La félicité et la damnation[modifier | modifier le wikicode]
Les deux protagonistes de la parabole meurent successivement: d'abord Lazare, puis le riche. Luc 16,22 met en exergue la mort bienheureuse de Lazare: "le pauvre mourut, et les anges l’emportèrent auprès d’Abraham. Le riche mourut aussi, et on l’enterra." Elle correspond effectivement, dans l'œuvre de Maria Valtorta, à la mort de Jonas dans les bras de Jésus[12]. Mais dans cette vision, le contraste est accentué entre les funérailles humaines et le destin éternel. La félicité dans le sein d'Abraham pour Lazare, après une vie de misère et une mort anonyme: "Personne ne s'en aperçut sur la terre, personne ne le pleura[13]." L'enfer pour le riche après une vie de bombance et des funérailles grandioses: "Oh ! quelles funérailles fastueuses ! Toute la ville, déjà informée de son agonie et qui se pressait sur la place où s'élevait sa demeure pour se faire remarquer comme amie du personnage[13]".

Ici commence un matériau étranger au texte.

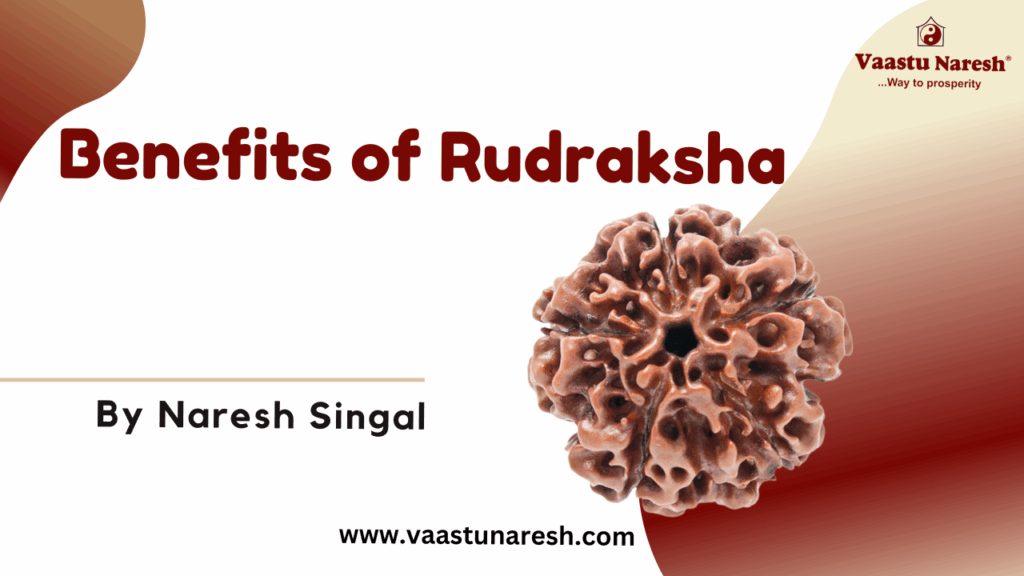 Rudraksha Benefits and Identification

Mais le jugement tombe: "L'apologie humaine peut-elle changer ce qui est écrit dans le livre de la Vie ? Non, elle ne le peut. Ce qui est jugé est jugé, et ce qui est écrit est écrit. Et malgré ses funérailles solennelles, le mauvais riche eut l'esprit enseveli dans l'enfer[13]."
La rétribution immédiate[modifier | modifier le wikicode]
Dans Luc 16,24 le riche "souffre terriblement dans cette fournaise". Elle devient un "lieu de torture" en Luc 16,28. Maria Valtorta va plus loin dans les précisions: ce lieu est l'Enfer éternel avec les souffrances qu'on y subit. Le riche est plongé "dans cette horrible prison, buvant et mangeant le feu et les ténèbres, trouvant haine et torture de tous côtés et à tout instant de cette éternité." Il souffre affreusement dans cette flamme qui le pénètre sans arrêt et le brûle[14].
Plongé dans la Haine, il comprend ce qu'est l'amour. Non comme un désir de conversion, désormais impossible, mais comme conscience de la perte du "Ciel qu'il avait vu dans une lueur fulgurante, pendant un atome de minute et dont la beauté indicible qui lui restait présente était un tourment parmi les tourments atroces[13]."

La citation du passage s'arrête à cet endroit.